I started shopping around for a hardshell case, and even for a generic one it is $100, and to get a Fender 3 ply pickguard to dress it up a bit is another $50 bucks. Realizing that I could pick up an American standard for $999 it seemed pretty stupid to try and "save" $200, it would have cost me $200 alone to get the same SKB case that the American standard comes with. Not only that the American Standard came with a 1 peice body instead of a glued together like the Classic Players, nicer tuners, a thicker headstock, a better string tree, cream colord backlite instead of a weird combo of aged and brite white.

Don't get me wrong, the Players classic was well built and played well with it's awesome V neck, but for the money, it isn't worth it, not even close. The American standard is just leeps ahead of it, ever part of it is superior from the frets to the wood, not to mention the resale on mexi strats is pretty low. 

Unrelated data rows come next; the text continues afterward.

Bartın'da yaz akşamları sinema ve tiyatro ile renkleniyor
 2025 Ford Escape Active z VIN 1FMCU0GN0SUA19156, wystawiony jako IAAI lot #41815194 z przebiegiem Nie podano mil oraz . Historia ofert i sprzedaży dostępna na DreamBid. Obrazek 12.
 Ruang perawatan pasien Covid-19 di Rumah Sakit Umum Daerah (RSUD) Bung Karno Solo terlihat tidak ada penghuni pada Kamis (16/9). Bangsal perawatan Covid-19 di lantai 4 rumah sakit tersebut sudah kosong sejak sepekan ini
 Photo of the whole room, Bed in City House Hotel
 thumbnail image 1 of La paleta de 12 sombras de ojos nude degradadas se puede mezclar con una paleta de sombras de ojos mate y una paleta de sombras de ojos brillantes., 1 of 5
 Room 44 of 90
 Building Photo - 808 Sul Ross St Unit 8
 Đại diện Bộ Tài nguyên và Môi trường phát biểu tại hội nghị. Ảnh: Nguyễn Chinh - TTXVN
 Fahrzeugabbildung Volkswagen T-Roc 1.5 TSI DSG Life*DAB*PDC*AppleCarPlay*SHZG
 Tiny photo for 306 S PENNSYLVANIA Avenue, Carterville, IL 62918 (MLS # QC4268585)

With all of that said, let me wrap this up by going back to my original point. I would have been stuck with the Players Classic and the bitter feeling of buyers remorse/stupidity had I not bought it locally from L&M. The allowed me to return the guitar 2 weeks after buying it and playing the hell out of it. I looked at teh American Standard but was loured into the thought of saving money, whcih turned out to be a non savings 2 weeks later when I was shopping for a new pick guard, hardshell case and better string tree. 

And even if you do decide to buy online, go with the American Classic, trust me on this one. The Players classic is priced out of it's range.

The Players classic









The 08 American Standard


----------



## Stevo (Apr 3, 2008)

Hmmm, interesting. Well, there ya have it, two totally different takes on the same guitar. I have gigged with my '50's Classic Player for about 6 months now and it feels better/sounds better than an American Standard I had in the past. I haven't had any issues with the build quality on it, the neck is amazing, and the pickups pull off vintage exceptionally. Gear is such a personal thing though so I guess we all find what works best for us. 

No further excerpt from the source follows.